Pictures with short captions
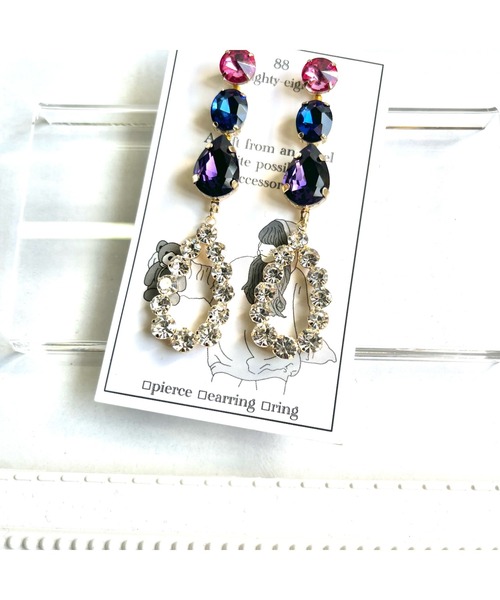 tone（トーン）の「【88eighty-eight】ダークカラービジュードロップピアス【import】(MA)（ピアス（両耳用）・レディース・ゴールド・FREE）」の3枚目の写真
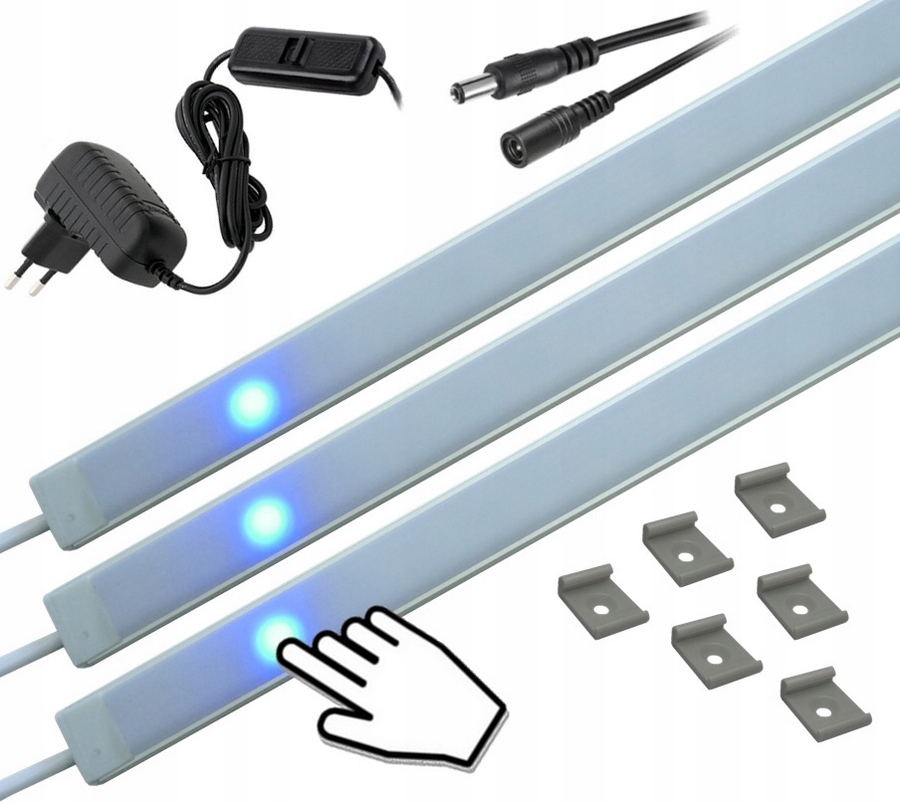 Led podskříňková lišta rovná 3x40 cm Reg Dotyková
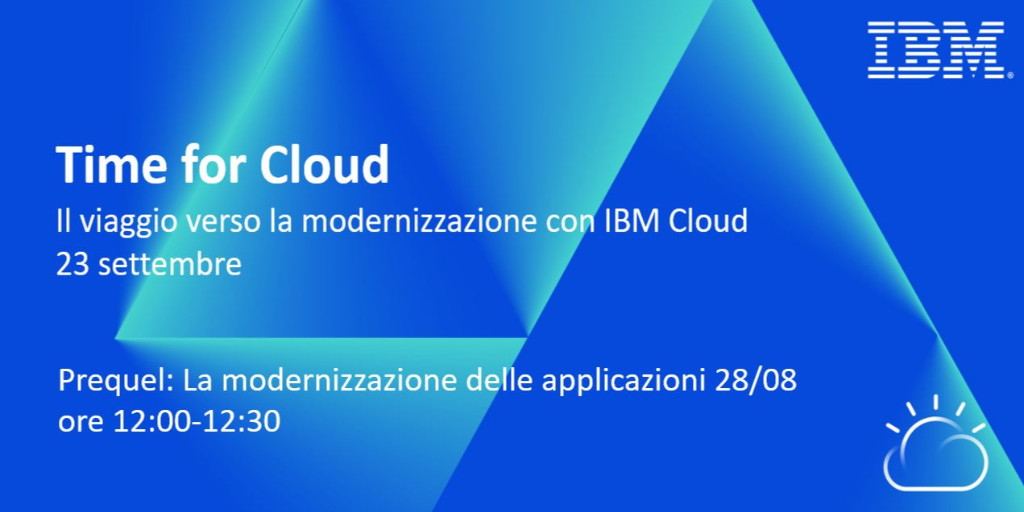 channel_coach's tweet photo. #Prequel: La #modernizzazione delle applicazioni 28/08 ore 12:00-12:30. Anteprima e cocreation in vista del 23 settembre.
Registrati al live streaming https://t.co/6ruRnoQ5DU
#IBMCloud #eventovirtuale #dati #EDGEComputing #HybridMultiCloud. #timeforIBMCloud #startIBMCloud https://t.co/3et31BW3e7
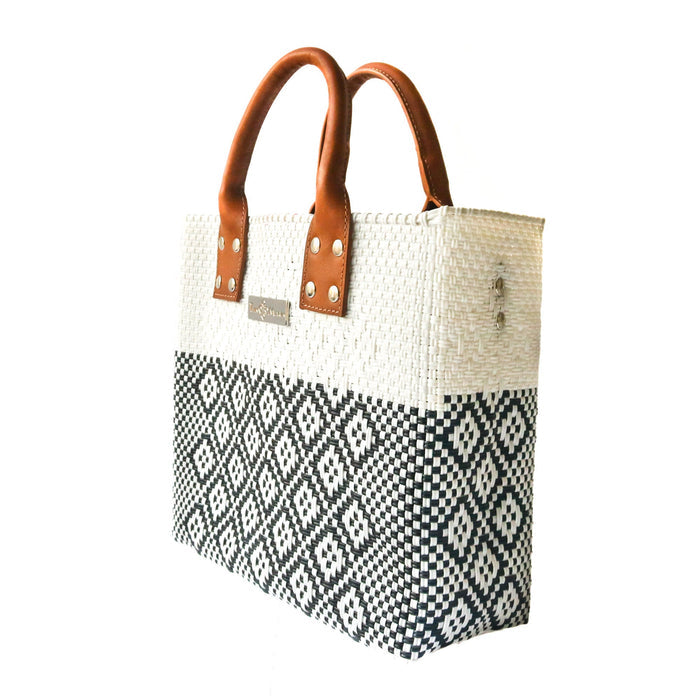 Tin Marin White Large Woven Crossbody Bag - Tan Leather - Olita Gifts & Goods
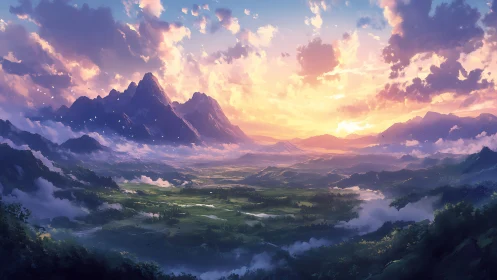 Sunrise river valley dreaming beneath towering violet peaks.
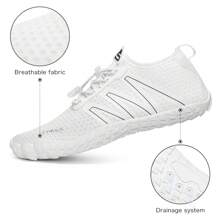 Men Plus Size Five Toes Breathable Anti-Slip Water Shoes, Quick Dry Swimming Shoes, Multi-Purpose Quiet Yoga Shoes, Fitness Sports Shoes, Outdoor Beach Shoes - White - View 4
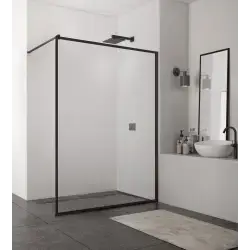 TopDesign Brusevæg i klar 8mm nano glas og sort rammeprofil - 90 x 200 cm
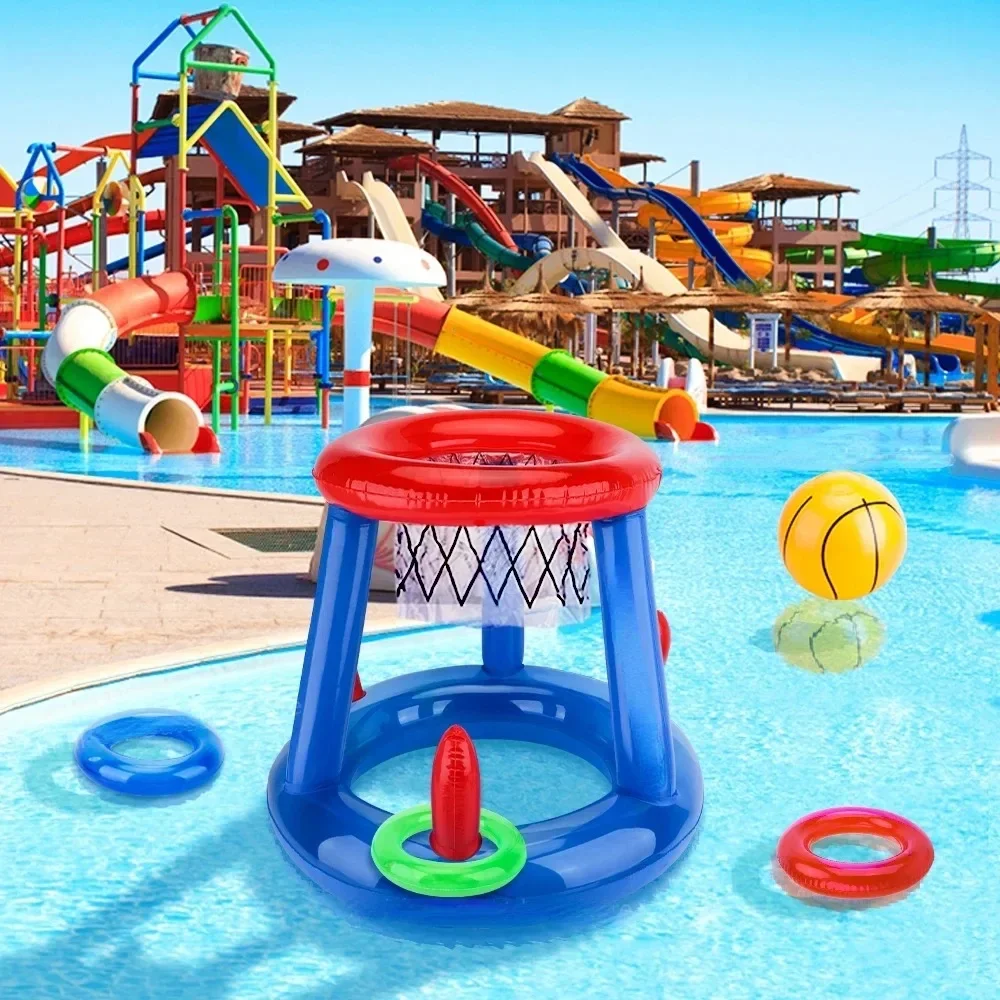 Outdoor Swimming Pool Beach Accessories Inflatable Ring Throwing Ferrule Game Set Floating Pool Toys Beach Fun Summer Water Toy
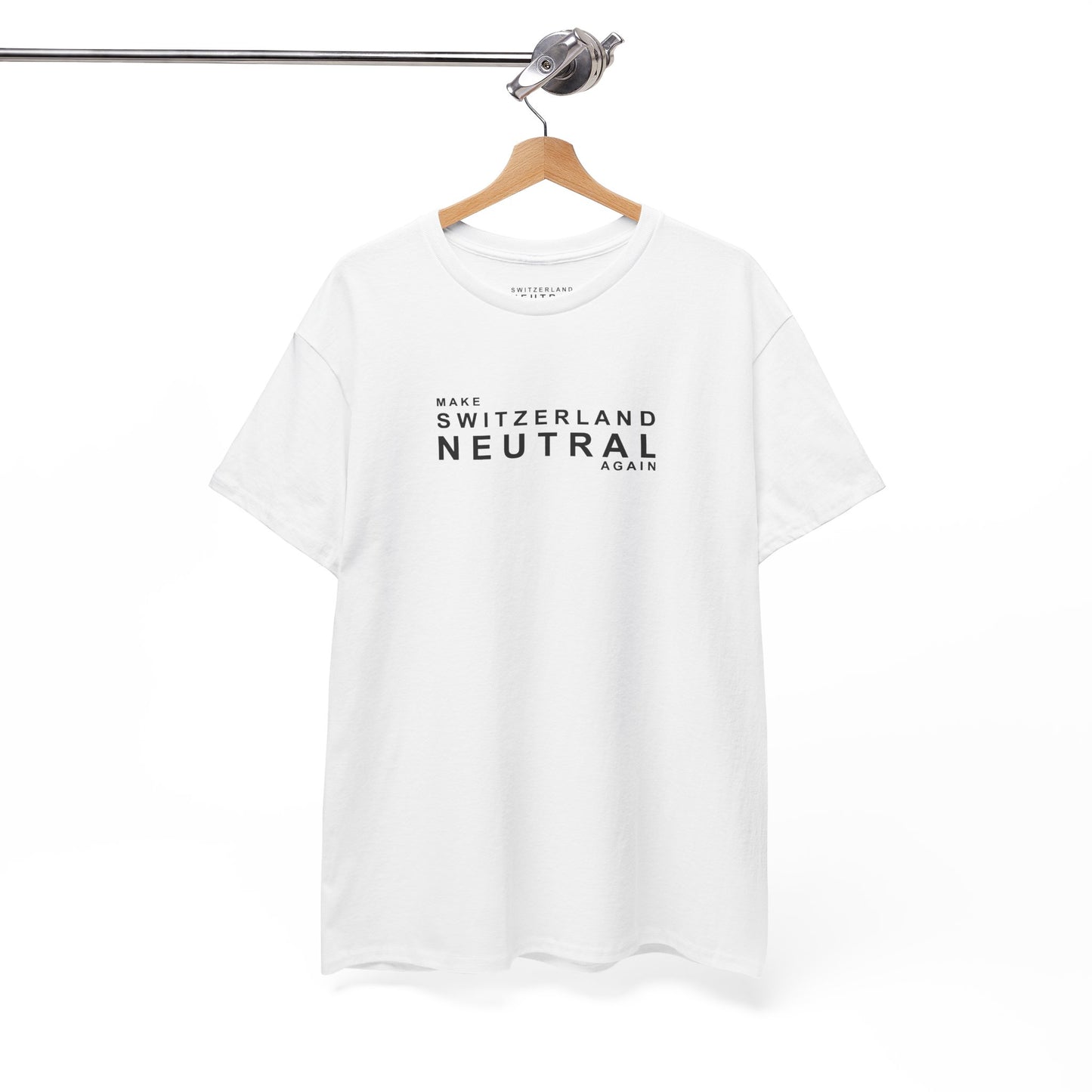 "Make Switzerland Neutral Again" Unisex Heavy Cotton White Tee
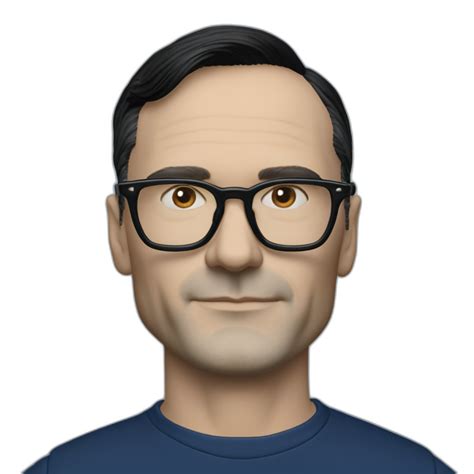 small Hyper realistic Ralf Hutter from Kraftwerk, short straight black hair, black glasses, thin ...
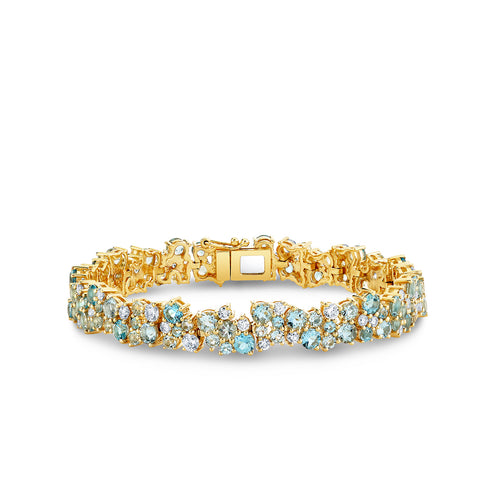 Gold & Diamond Blue Topaz Aquamarine Wide Cocktail Bracelet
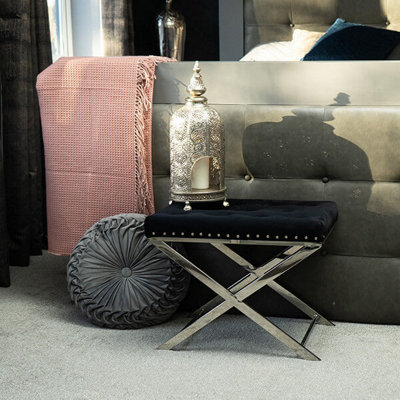 Madison & Mayfair Minimalist Black Quilted Stool With A Silver Stand from B&Q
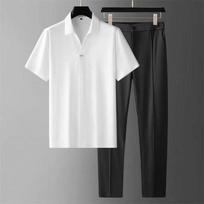 Summer Ultra-thin Silk Skating Silk High-end Seamless Laminated Short-sleeved Shirt Suit Men's Business Leisure Sports Two-piece Suit M balta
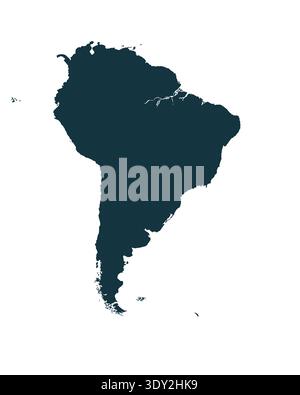 Map of South America, sign silhouette. World Map Globe. Vector Illustration isolated on transparent background. Latin American continent Stock Vector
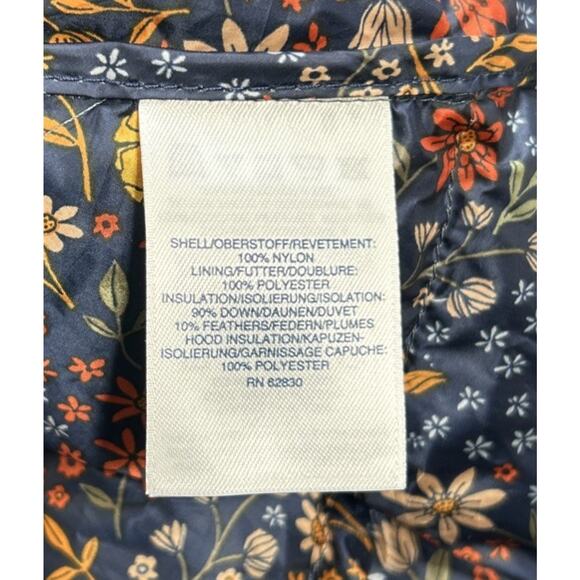 Lands' End Womens Down Coat 2XL Blue Navy Puffer Long Nylon Hood Winter Packable - Picture 5 of 7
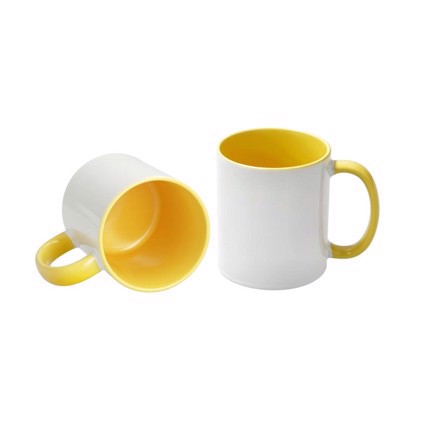 Sublimation Mug 11oz - inside & handle Yellow Dishwasher & Microwave Safe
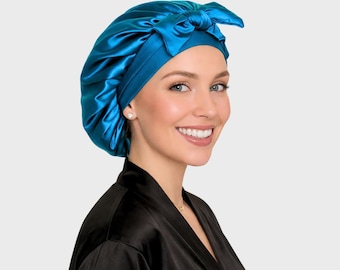 Stretch Tie Charmeuse Satin Bonnet for Sleeping, Overnight Hair Protection, Non-Slip, Reversible Sleep Cap for Natural Hair, Braids & Curls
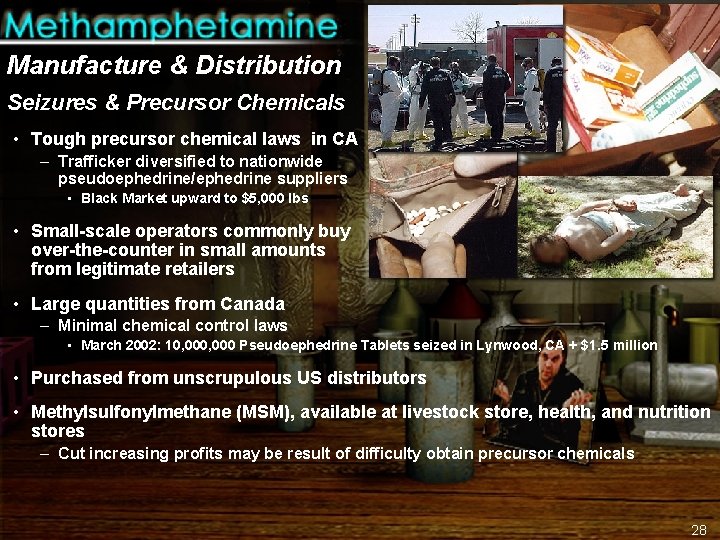 Manufacture & Distribution Seizures & Precursor Chemicals • Tough precursor chemical laws in CA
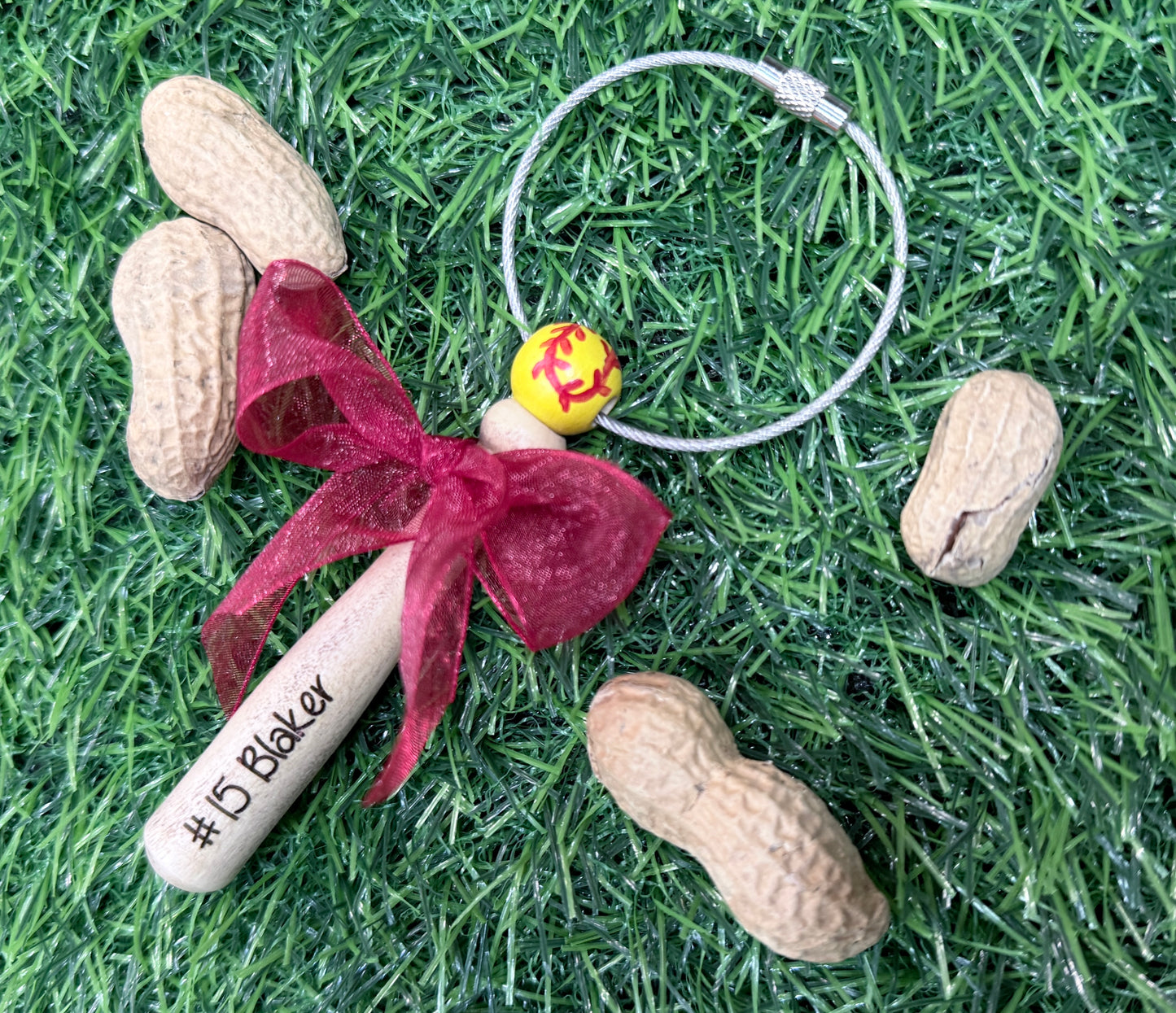 Personalized Bat and Ball Bag Tag / Keychain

* What you are asked to do
Only one thing is required: an exact printout of the lines from the line containing "Outdoor Swimming Pool" through the last line of the records, pictures excluded.

* Answer section
 Outdoor Swimming Pool Beach Accessories Inflatable Ring Throwing Ferrule Game Set Floating Pool Toys Beach Fun Summer Water Toy
 "Make Switzerland Neutral Again" Unisex Heavy Cotton White Tee
 small Hyper realistic Ralf Hutter from Kraftwerk, short straight black hair, black glasses, thin ...
 Gold & Diamond Blue Topaz Aquamarine Wide Cocktail Bracelet
 Madison & Mayfair Minimalist Black Quilted Stool With A Silver Stand from B&Q
 Summer Ultra-thin Silk Skating Silk High-end Seamless Laminated Short-sleeved Shirt Suit Men's Business Leisure Sports Two-piece Suit M balta
 Map of South America, sign silhouette. World Map Globe. Vector Illustration isolated on transparent background. Latin American continent Stock Vector
 Lands' End Womens Down Coat 2XL Blue Navy Puffer Long Nylon Hood Winter Packable - Picture 5 of 7
 Sublimation Mug 11oz - inside & handle Yellow Dishwasher & Microwave Safe
 Stretch Tie Charmeuse Satin Bonnet for Sleeping, Overnight Hair Protection, Non-Slip, Reversible Sleep Cap for Natural Hair, Braids & Curls
 Manufacture & Distribution Seizures & Precursor Chemicals • Tough precursor chemical laws in CA
 Personalized Bat and Ball Bag Tag / Keychain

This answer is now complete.